I beg to differ with much of what Shane says. Yes, Zac did wave his arms about too much. Yes, perhaps he did spend a little too much time calling for Snow to make an apology, but I thought he was a long way from making a fool of himself. Indeed, he was understandably indignant as he felt his integrity was being impugned. I thought Zac was far more convincing than his interlocutor, Jon Snow, who, I thought, emerged from the encounter not only with a large dollop of egg on his face but many questions to answer.
I'm not going to enter the debate about electoral law. Fifteen years ago I knew it like the back of my hand, but not now. But one thing I do know. If you want to petition an election result, you do it through the courts, not through the Electoral Commission.
But the main point of this blogpost is not to debate whether Zac did well or not. It is to point out how rare it is for politicians, or anyone for that matter, to turn the tables on an interviewer. It should happen more often, especially on programmes like Newsnight or Today or Five Live (but clearly not LBC, natch!). The thing politicians need to remember is that most of the time they will know more about the subject than their interviewer.
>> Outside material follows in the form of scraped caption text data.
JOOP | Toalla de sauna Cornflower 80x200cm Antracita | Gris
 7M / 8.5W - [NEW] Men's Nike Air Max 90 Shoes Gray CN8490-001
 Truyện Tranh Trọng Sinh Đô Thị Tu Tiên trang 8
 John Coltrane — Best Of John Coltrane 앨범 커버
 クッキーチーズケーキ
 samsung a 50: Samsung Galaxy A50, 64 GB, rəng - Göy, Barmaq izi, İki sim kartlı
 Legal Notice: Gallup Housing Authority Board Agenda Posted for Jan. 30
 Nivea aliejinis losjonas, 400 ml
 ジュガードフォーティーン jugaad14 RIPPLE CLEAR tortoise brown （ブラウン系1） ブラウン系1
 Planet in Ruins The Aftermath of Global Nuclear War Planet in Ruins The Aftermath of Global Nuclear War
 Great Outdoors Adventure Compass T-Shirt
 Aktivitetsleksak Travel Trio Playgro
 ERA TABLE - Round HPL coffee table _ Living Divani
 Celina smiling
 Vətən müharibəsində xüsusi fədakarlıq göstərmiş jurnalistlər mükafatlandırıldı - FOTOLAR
If asked a difficult question, or a stupid question, I often throw it back to the interviewer and ask: "What do you mean by that?" The terror in their eyes is a joy to behold. It's a really good thing to do to smartarse interviewers. I know. Someone did it to me once and my mouth flapped like a goldfish.
The thing is to know how far to go and when to stop. Perhaps Zac went too far in making his initial point, but he was totally within his rights to make it, and Jon Snow didn't do his, or Channel 4 News's credibility any good at all in trying to deal with the allegation that C4 News wouldn't let Zac on the previous evening to defend himself live.